• Task
Could you restate word for word every line from the one containing "Belt, Bag.. @therow" to the end of the data below, pictures excluded?

[Recorded data]
☆ ☆ ☆ ☆
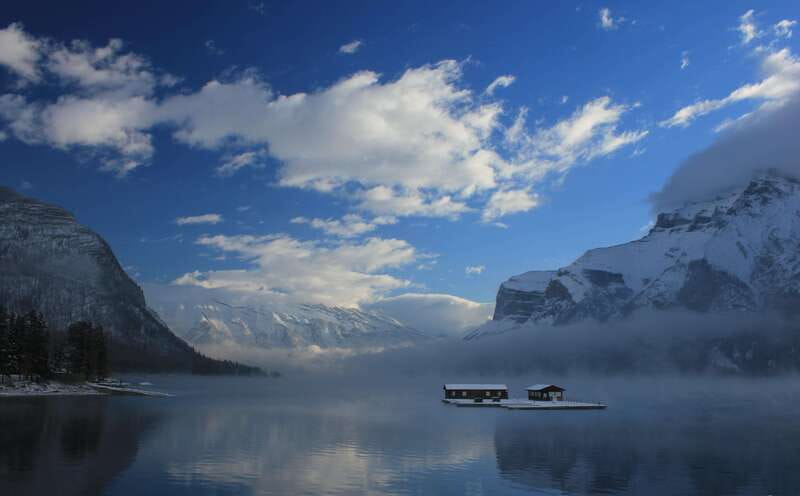 Banff, Lake Louise, Marble Canyon & Yoho National Parks Tour - The coach and guide make the long day easier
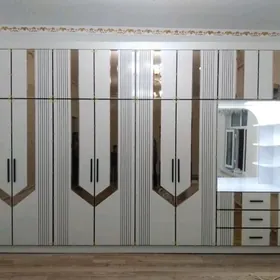  MEBEL  GARNATUR 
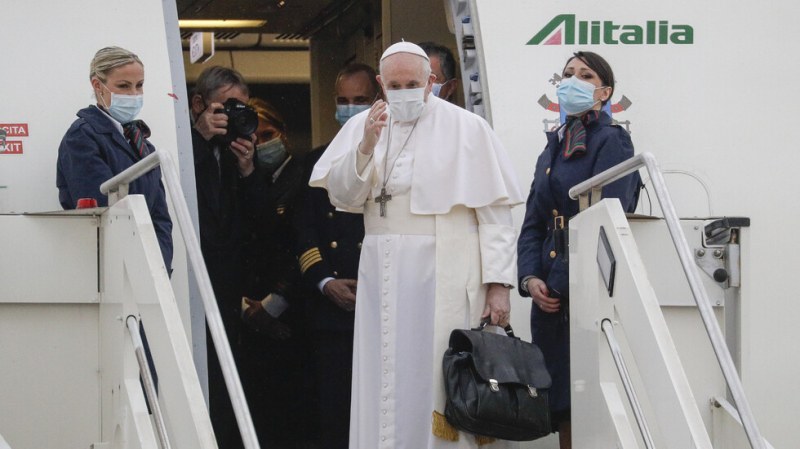 Папа Франциск отива на историческо посещение в Ирак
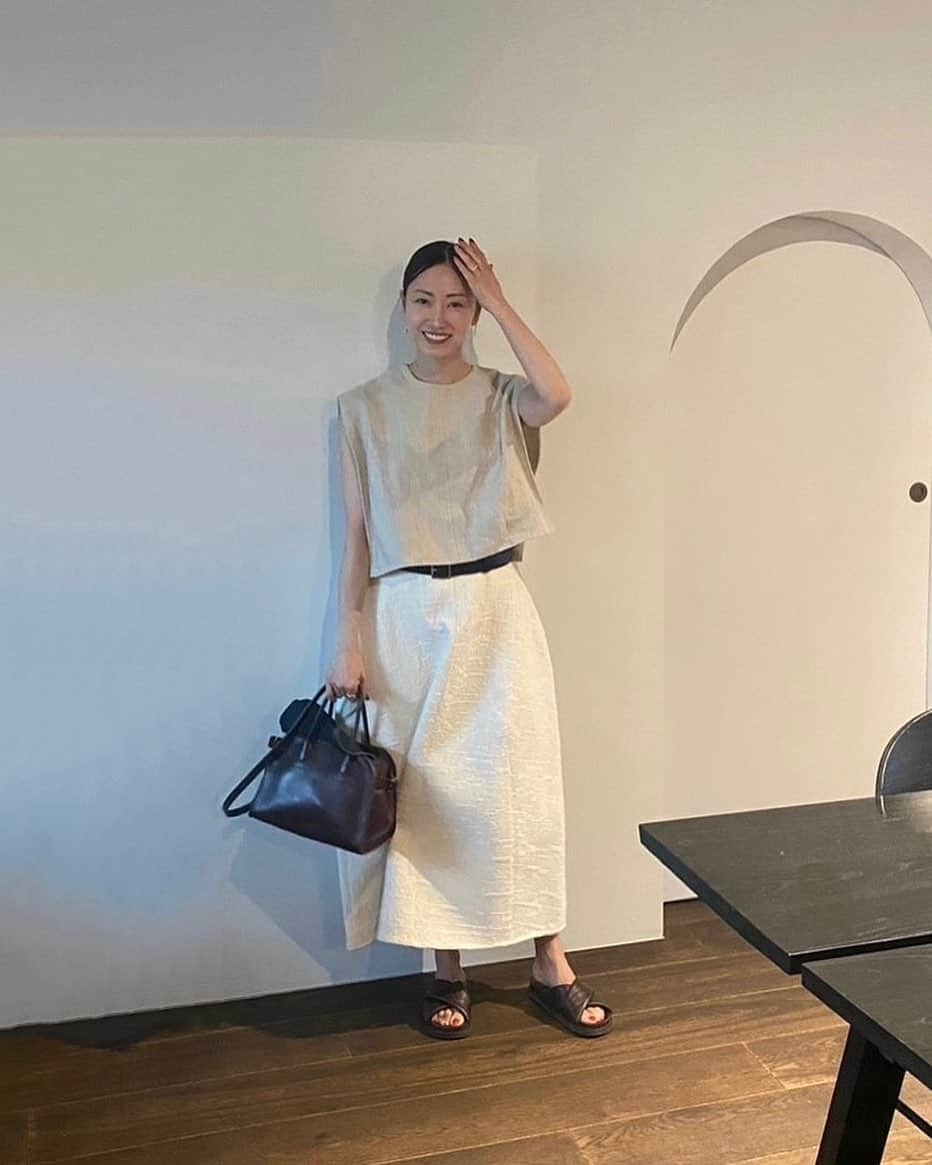大塚良子のインスタグラム：「#ootd  Tops.. @hyke_official  Skirt.. @stunninglure  Belt, Bag.. @therow @therowcollection  #outfit #streetstyle #fashion  #summerstyle #kyoto」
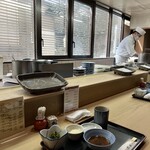 てんぷら天松 日本橋店 - 白木のカウンター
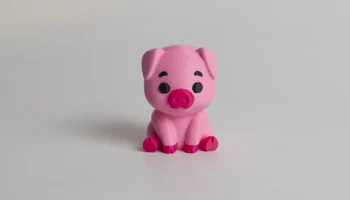 Брелок с милой свиньей 7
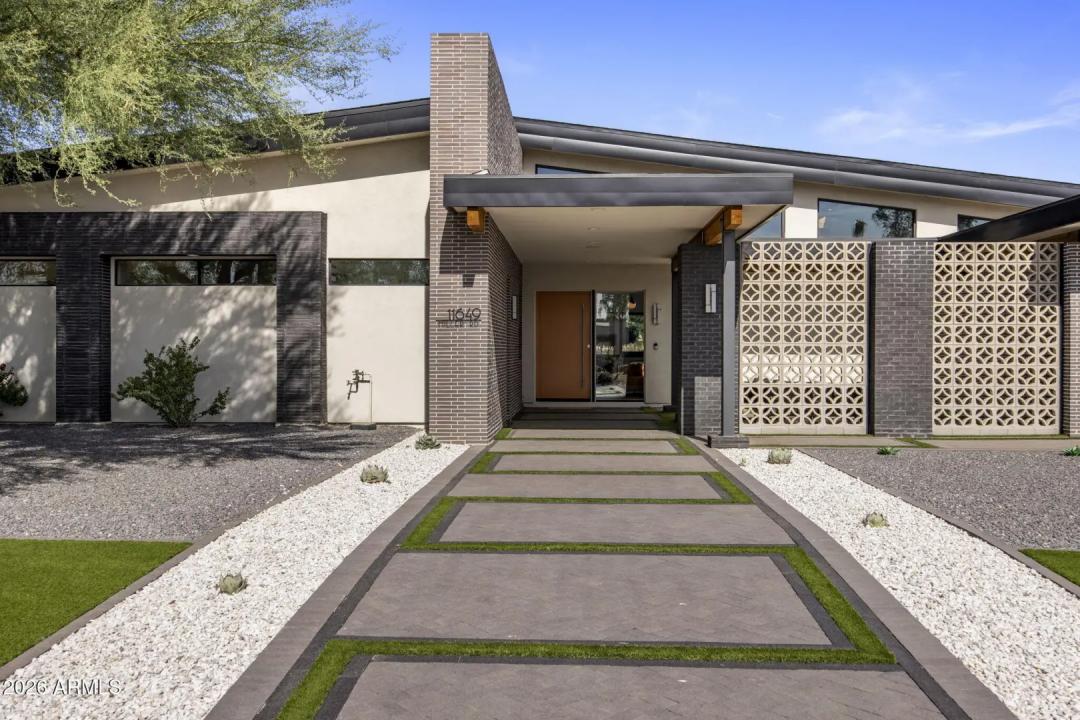 Real Estate Picture 3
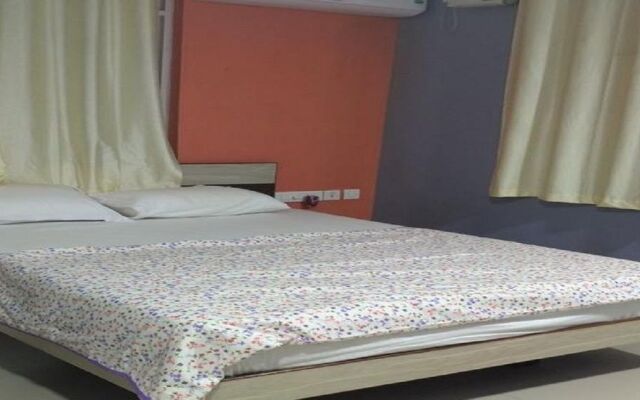 Отель Room Maangta 328 - Colva Goa Гоа комната для гостей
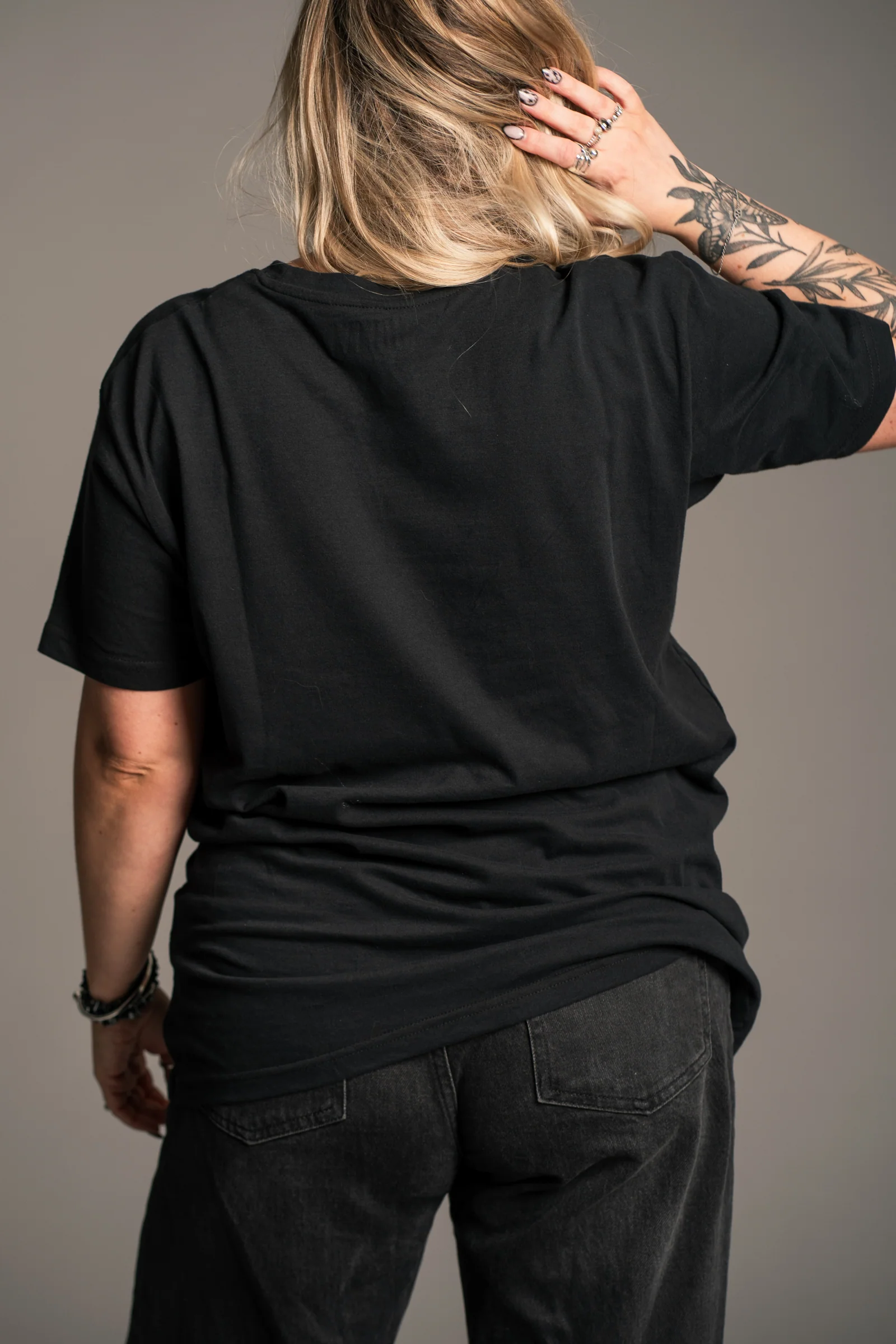 Nirvana In Utero Pink Band Tee - Image 4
☆ ☆ ☆ ☆
• Finished task
大塚良子のインスタグラム：「#ootd  Tops.. @hyke_official  Skirt.. @stunninglure  Belt, Bag.. @therow @therowcollection  #outfit #streetstyle #fashion  #summerstyle #kyoto」
 てんぷら天松 日本橋店 - 白木のカウンター
 Брелок с милой свиньей 7
 Real Estate Picture 3
 Отель Room Maangta 328 - Colva Goa Гоа комната для гостей
 Nirvana In Utero Pink Band Tee - Image 4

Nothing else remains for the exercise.